I can condense it down and (heavily) simplify it, essentially the whole meat of the proposal (which has been around since 2015) is summed up in the first paragraph.

They are trying to modernise European copyright law to keep up with modern changes.

So for instance, Mr X writes a story online on a website and Mrs Y decides to copy and paste story and make it into a book. Old copyright laws say this is fine, new laws say no it is not.

That's the gist of it, it is to protect intellectual property in a way that old laws simply didn't.

Clearly there's more to it, but hey, I'm not a lawyer and don't have unlimited time so cannot detail it out point by point. But like most Euro consumer laws, they are there to protect the consumer.

I'm not saying they are amazing, but in this case I believe it's a step in the right direction.

I believe the following extracts sum it up nicely.

Extract 1
The evolution of digital technologies has changed the way works and other protected subjectmatter are created, produced, distributed and exploited. New uses have emerged as well as new actors and new business models. In the digital environment, cross-border uses have also intensified and new opportunities for consumers to access copyright-protected content have materialised.

Even though the objectives and principles laid down by the EU copyright framework remain sound, there is a need to adapt it to these new realities. Intervention at EU level is also needed to avoid fragmentation in the internal market. Against this background, the Digital Single Market Strategy1 adopted in May 2015 identified the need “to reduce the differences between national copyright regimes and allow for wider online access to works by users across the EU”. This Communication highlighted the importance to enhance crossborder access to copyright-protected content services[...]

Extract 2 (bold emphasis added)
The Commission carried out a review of the existing copyright rules between 2013 and 2016 with the objective to “ensure that copyright and copyright-related practices stay fit for purpose in the new digital context”15. Even if it started before the adoption of the Commission's Better Regulation Agenda in May 201516, this review process was carried out in the spirit of the Better Regulation guidelines.

The review process highlighted, in particular, problems with the implementation of certain exceptions and their lack of cross-border effect and pointed out to difficulties in the use of copyright-protected content, notably in the digital and cross-border context that have emerged in recent years.

___

It goes onto say that stakeholders (producers of digital content) were consulted as to how they felt current copyright laws protected them and how they could be improved.

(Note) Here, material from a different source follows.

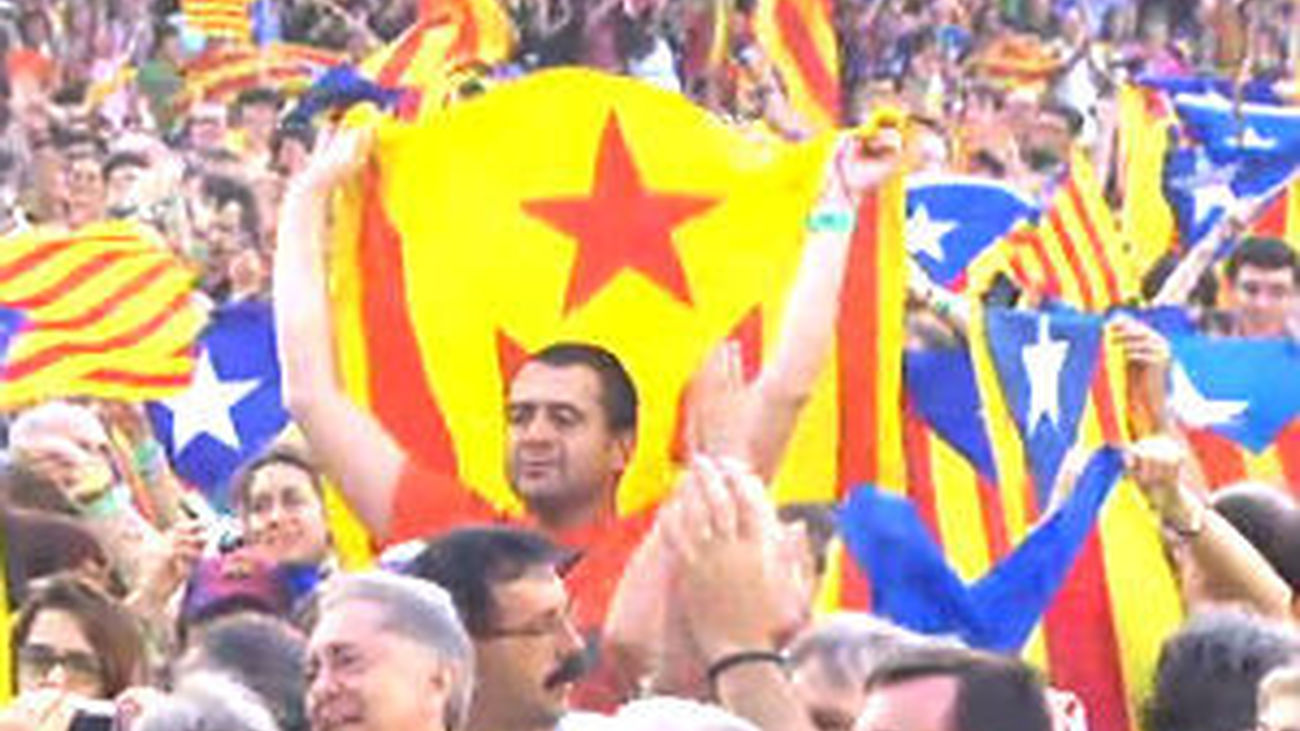 Personas en Cataluña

So at the end of the day, if this forum was copied word for word and put out as something else, @MJ DeMarco would be able to sue the person who did that and win. Whereas current laws are too vague and would not protect him.

I personally think that's a good idea, happy to hear why others think it isn't though.

Addendum: This also refers to use of educational material, and the ease of which it can be shared and legalities surrounding said content (in light of cases in the US involving MIT and other educational sources).
This is a great exposition and makes a lot more sense.

What a lot of people don't know, is that in the US, you can already take action against websites using your content. The best example is businesses that use photographer's images, for profit, without their permissions.

However, this also brings into question fair-use/fair-dealings.

Around that same time, 2015, the UK/EU was looking at bringing it closer to US's standards. I don't see anything relating to the matter in the proposal.